Her home is in a much different setting than this upstate New York lake cottage. It’s in the country hills of eastern Indiana, in a house my Grandpa built, with a window over the kitchen sink where my Grandma lays her tomatoes to ripen. She is 91, and the things she can enjoy have slipped away with age, as I suppose they do. She used to love reading Christian romance novels, but now she can’t see well enough. When my Grandpa was alive, I would visit and we would watch Judge Judy together, but now she can’t hear well enough.
Grandma is a social butterfly, and a connoisseur of fresh vegetables and southern cooking. These are two things she can still fill her days with. I and the rest of my family like to bring her pies and treats. She loves visitors, and will host them on the porch when the weather is nice. She goes to her tiny baptist church twice every Sunday and once every Wednesday. She is stubborn about the few things she wants, and could not be stopped from her regular appearances with the congregation, even when COVID-19 showed up.

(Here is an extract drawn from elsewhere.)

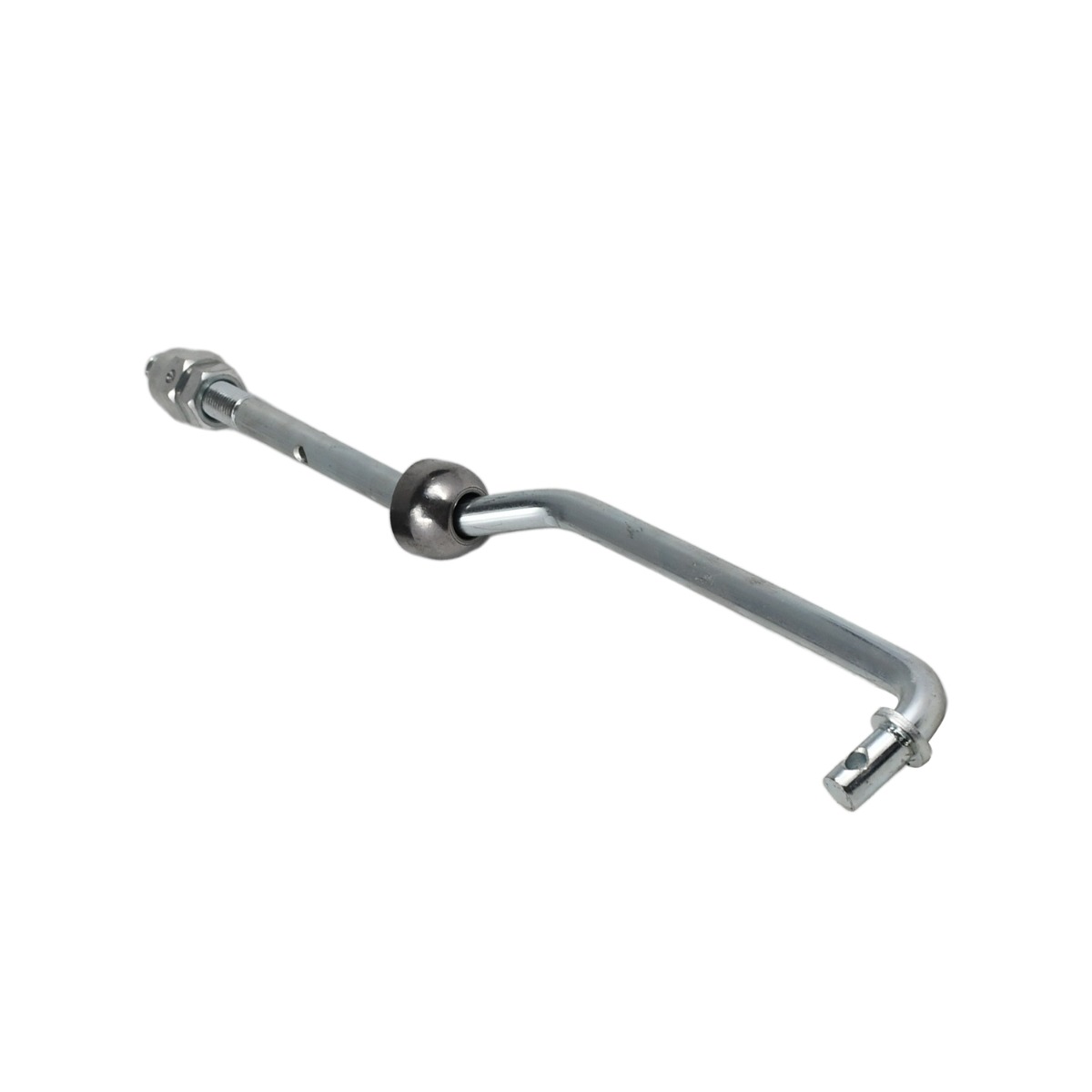 Vordere Deck Link Lift Aufhängung 532195270 für Husqvarna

We all guessed she would get it eventually, so when she tested positive no one was surprised. What did surprise me was how well her body handled it. Hardly a fever, barely a cough. My mom claims to have never been worried, knowing that Grandma’s stubbornness was strong enough to carry her through a pandemic.
Even though she’s still here on this planet, putting up a fight against the virus and its complications, I’m not at ease. But that’s not entirely her fault. My ill-ease and anxiety has been under construction and development for several years now, built on a foundation of life-threatening illness, scary surgeries, loss of a family structure and home, as well as all the towering political and social issues outside of my personal circle.

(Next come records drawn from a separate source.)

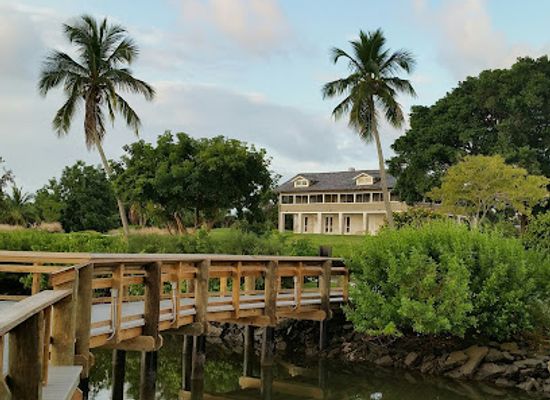 florida/fort-myers/landmark/mound-house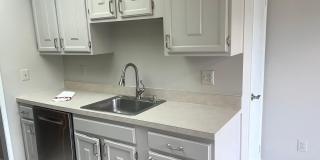 15300 BEAVERBROOK Court unit: 88-2B Gallery 9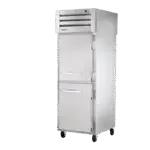 True Manufacturing , STA1FPT-2HS-2HS-HC, Freezer, Pass-Thru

A trip away from home is helpful at releasing some of that. During days at the cottage, I am placated by the calm of the lake. The “shh, shh” lapping at the rocky shore puts me in a sleepy, reflective daze. We swim and sail and float and read and nap. I work a little on my lap top, and rest a little in the grass. My biggest challenge is finding the right spot to place my lounge chair. The collection of seats travels around the lawn each day as people move them from shade to sun, from groupings to individual views of the lake.

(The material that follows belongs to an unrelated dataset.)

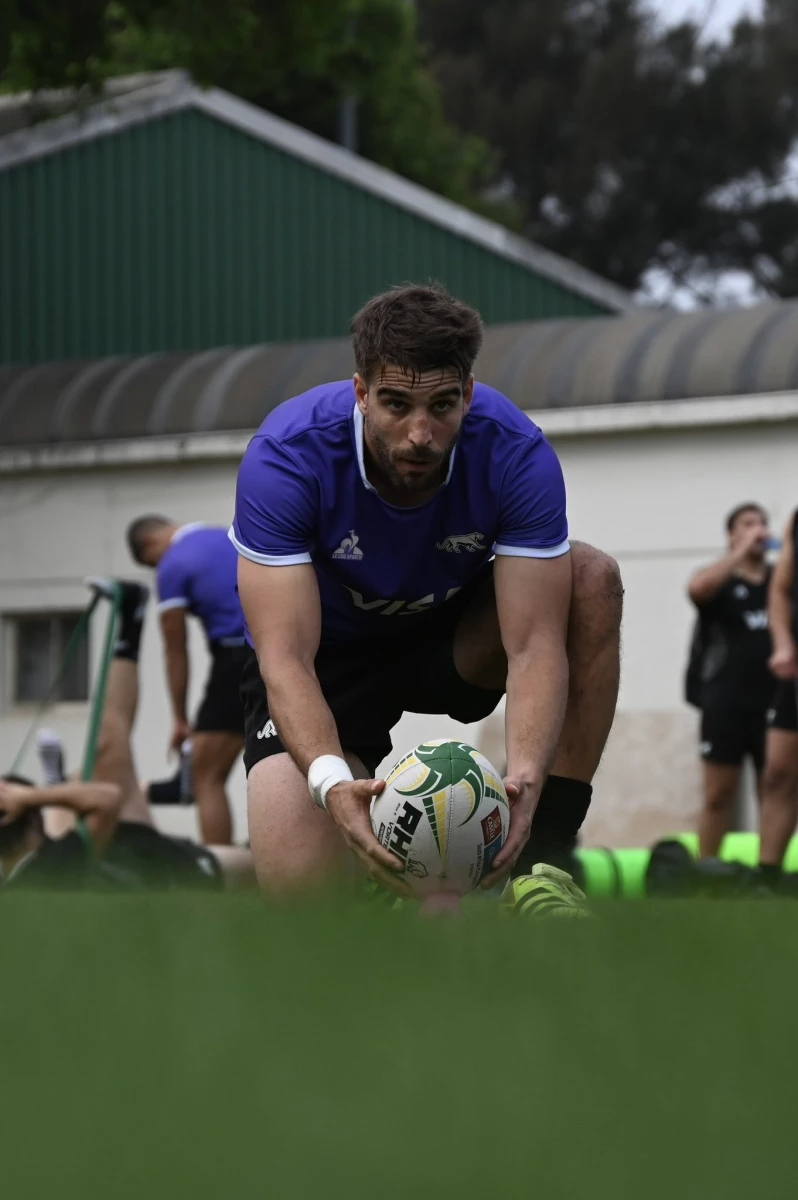 Foto:@lospumas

At dusk, all of that changes. The weather has been clear here, and each day ends with the most beautiful and tender sunset, so perfect is looks computer generated (and I hate myself for thinking that). Dusk has a tendency to make me sad on any occasion, but this week it’s been personal. I can’t stop myself from looking at its colors and thinking of my Grandma, wondering if this finale in the sky represents the final moments of something else.
The iPhone camera does not do it justice.
Recently I heard someone share this advice on a podcast: “Don’t mourn things before they happen.” That hit hard for me, because it feels like all I do lately. Anxiety wants you to be prepared for the worst case scenario, so it gets you to feel the emotional response way before it’s called for. When you’re bracing for that, you might end up missing the sweetness of a simple sunset on Lake Ontario.
But there’s a bittersweet gratitude in that sunset, too. Life was uncertain well before this pandemic. Every fleeting moment, there’s a chance to take stock of what we have now, and to celebrate that.
As far as I know, Grandma just started medication for pneumonia-like symptoms, but is still at home with my uncle, her caretaker. I know they haven’t had a chance to go to the farmers market she likes, and I’m hoping that my tomato plants will bear juicy fruits in time for me to bring her some to ripen on her window sill.
Haiku 3.29.20
I have perspectives.
They scatter like butterflies
I, an untrained net.
Thank you, friends. Until next time,
Katya
You moved me to tears. Please read this to Grandma sometime. I love you.